▶ _INFORMATION SUPPLIED_
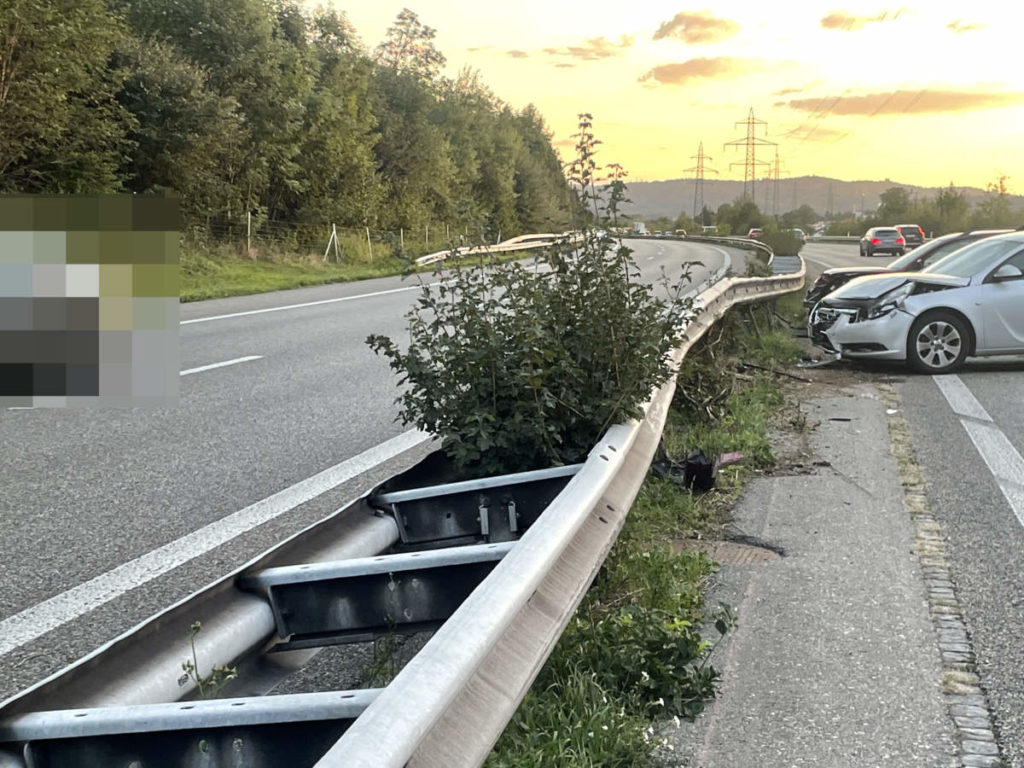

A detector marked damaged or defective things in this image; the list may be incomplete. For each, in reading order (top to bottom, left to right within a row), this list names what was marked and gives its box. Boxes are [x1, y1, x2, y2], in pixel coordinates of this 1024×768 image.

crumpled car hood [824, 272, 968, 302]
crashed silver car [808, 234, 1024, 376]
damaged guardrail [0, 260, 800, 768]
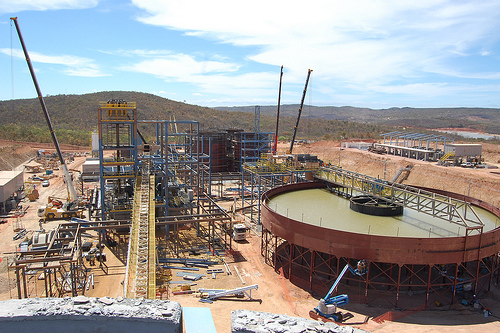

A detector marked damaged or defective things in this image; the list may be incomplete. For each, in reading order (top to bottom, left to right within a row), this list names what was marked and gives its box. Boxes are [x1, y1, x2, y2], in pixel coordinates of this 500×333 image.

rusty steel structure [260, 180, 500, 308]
---
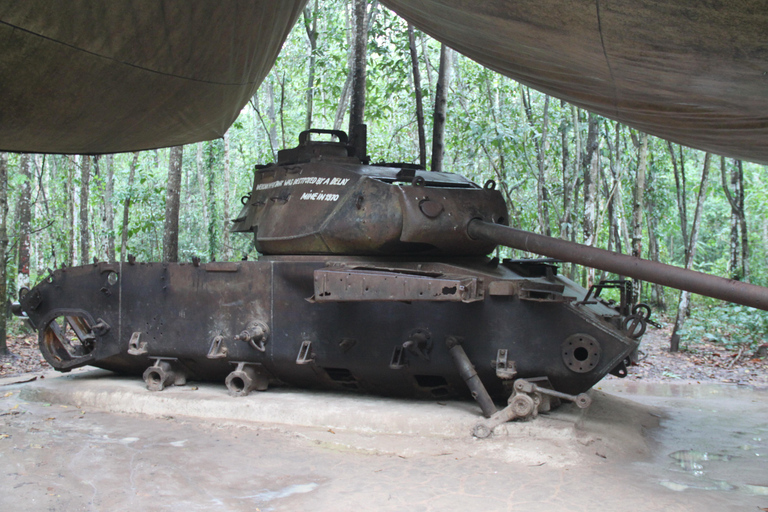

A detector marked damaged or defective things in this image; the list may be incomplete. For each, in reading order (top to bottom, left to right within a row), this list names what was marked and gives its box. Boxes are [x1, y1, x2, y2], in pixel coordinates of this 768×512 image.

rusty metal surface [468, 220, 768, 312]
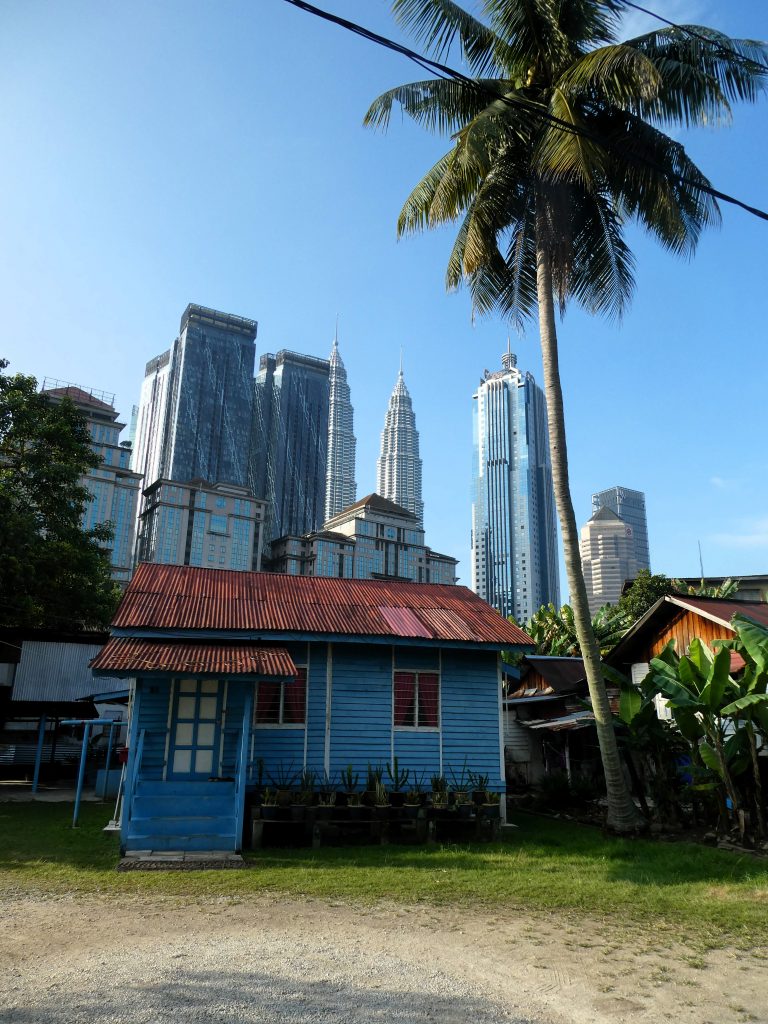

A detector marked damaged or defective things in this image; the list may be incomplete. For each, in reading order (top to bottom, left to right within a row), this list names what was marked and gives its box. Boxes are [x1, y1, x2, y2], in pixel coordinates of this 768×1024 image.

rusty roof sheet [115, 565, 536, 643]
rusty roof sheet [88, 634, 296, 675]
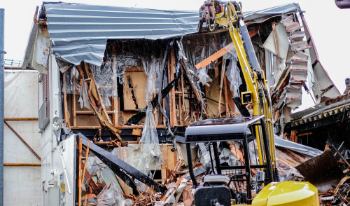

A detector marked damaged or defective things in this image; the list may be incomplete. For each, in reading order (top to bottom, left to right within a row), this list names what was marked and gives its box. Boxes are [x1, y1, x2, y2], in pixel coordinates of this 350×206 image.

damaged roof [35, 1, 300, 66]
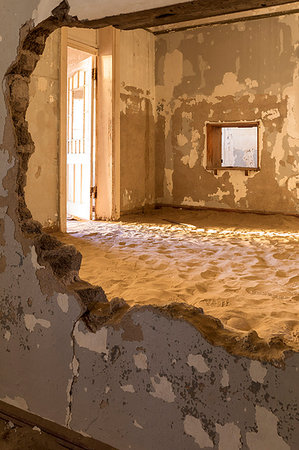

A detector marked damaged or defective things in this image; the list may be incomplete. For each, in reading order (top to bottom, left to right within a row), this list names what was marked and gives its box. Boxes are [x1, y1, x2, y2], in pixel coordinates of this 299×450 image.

▶ _EXERCISE REQUIREMENTS_
Within the entries above, give again exactly the lines starting at the one that contains "this 350×206 image." and ending at the one that contains "this 299×450 image.", leaving out the pictures.

▶ _WRITTEN SOLUTION_
A detector marked damaged or defective things in this image; the list may be incomplete. For each, in reading order (top to bottom, left to right within a row), this list names what was marked and gives its box. Boxes are [x1, y1, x2, y2], in pixel coordinates of this 350×206 image.

damaged roof [35, 1, 300, 66]

A detector marked damaged or defective things in this image; the list may be incomplete. For each, in reading order (top to bottom, left to right within a row), this list names what was marked and gives its box. Boxes are [x1, y1, x2, y2], in pixel coordinates of this 299×450 image.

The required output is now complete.